For those who weren’t so familiar or convinced at the apparent restorative and disorder-relieving powers of this singular local product, our man would lustily “hold forth on the wonderful nature of this natural mineral water and its value as a cure for certain diseases”.

At a penny a half-pint, he “did good business” travelling a “pretty wide district” in Swindon and North Wiltshire by horse and cart before dismounting to convey his salty pick-me-up on a contraption that allowed him to walk about with a couple of bucket-like pitchers over his shoulder – one at the front, one at the back.

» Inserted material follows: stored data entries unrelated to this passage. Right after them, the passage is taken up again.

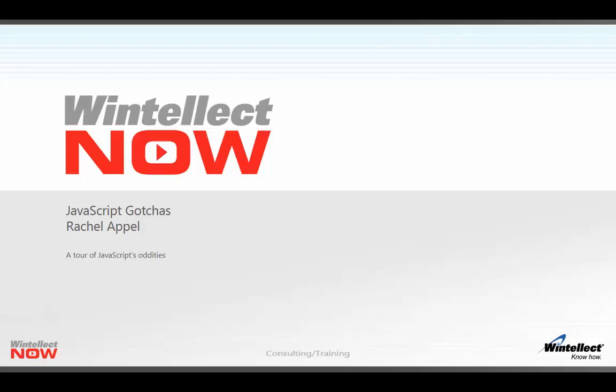In this session, we'll look at the top common JavaScript headaches, mistakes, quirks, and weird things that you just need to know, as well as how you can avoid or work around them.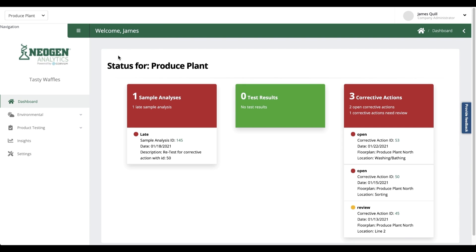Neogen Analytics is a game changer when it comes to automation. Let's talk about scheduling swabs as an example. So many of our customers have a generalized swabbing protocol.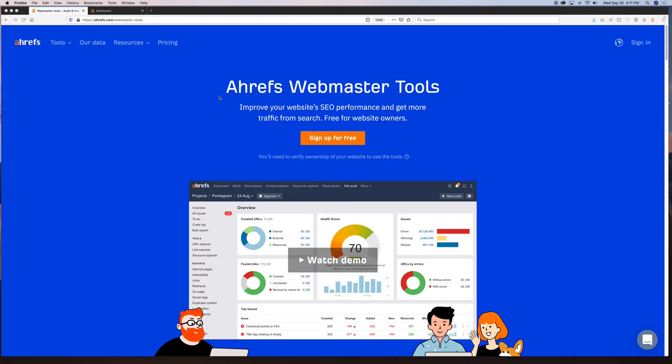Hey everybody, Jill from 2Dogs Media. I'm excited to share with you some news that Ahrefs put out this week about having a free webmaster tool right through their software. What I'm going to do today is just kind of go through what this free tool offers you and give you an overview so you can see what to expect.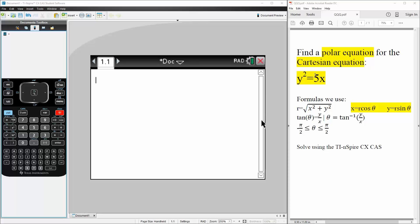Okay, so for this problem we want to find a polar equation for the Cartesian equation given as y squared is equal to 5x. Now we're going to solve this question using the formulas x is equal to r cosine theta and y is equal to r sine theta. So the only thing we need to say is that...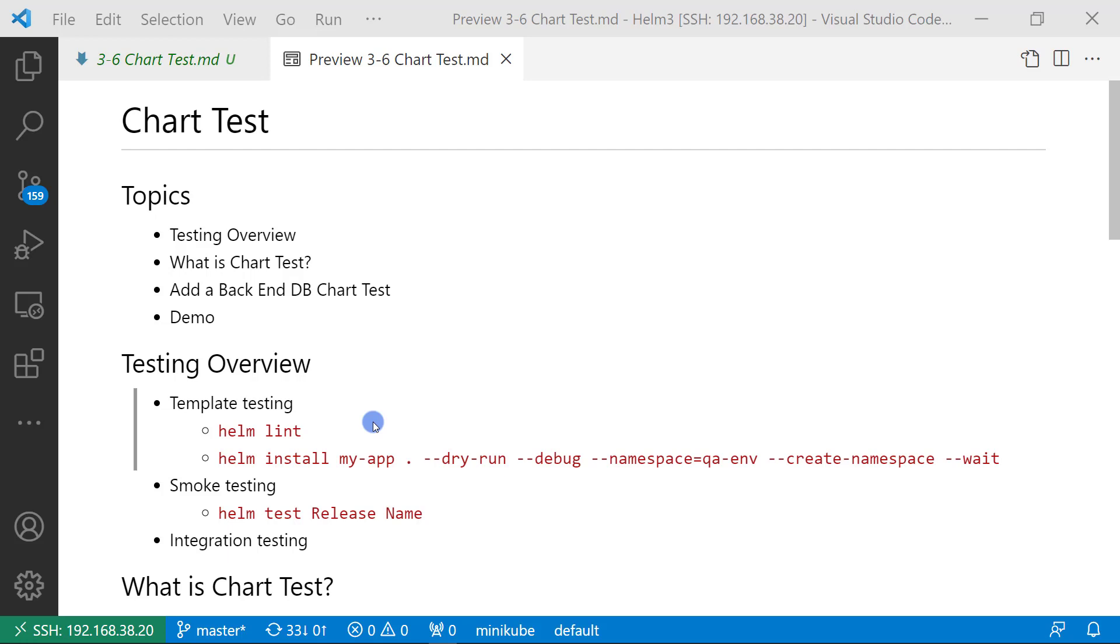There are two commands for template testing: helm lint, and helm install or upgrade with --dry-run and --debug. Next,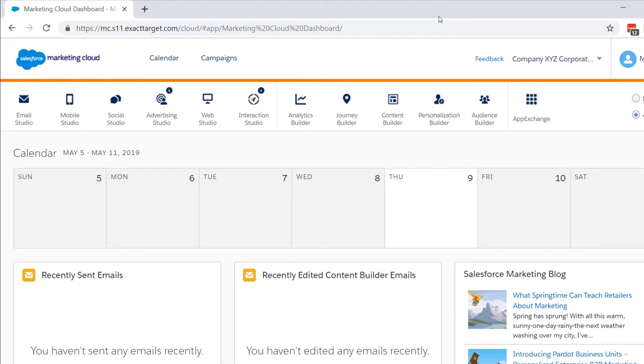There are three ways to find your MID in your account. First, log into Marketing Cloud.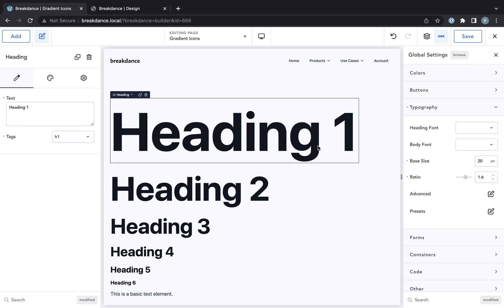Okay, that's how to do global typography in Breakdance. Thank you very much for watching.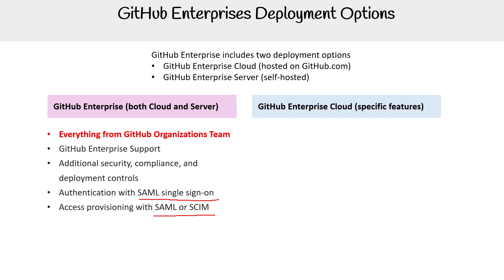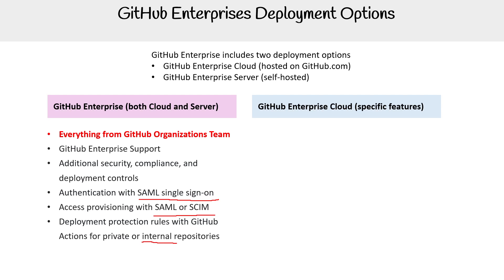They really want you to know that deployment protection rules with GitHub Actions for private or internal repos is an offering specific to Enterprise. Make note of that.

He was William Kennett “The Purton Spa Water Vendor” and at one stage, unlikely as it now seems, the medicinal marvel that he hawked for some years during the early 20th Century may well have transformed a small village a few miles west of Swindon into “a second Harrogate”.

It is unlikely that many people outside of Purton Stoke, with its nature reserve, Grade II listed 16th Century farmhouse, traditional red telephone box and Arkells pub (The Bell) are aware of the once nearly famous salt hole that promised – or threatened – to turn the sleepy settlement into a spa town to rival Cheltenham.

As James Caslaw dryly noted on the Purton Stoke website seven years ago: “The upmarket hotels, the Crescents and Grand Parades did not materialise”. However, the story of Wiltshire’s only traditional healing well worthy of becoming a spa is a remarkable one.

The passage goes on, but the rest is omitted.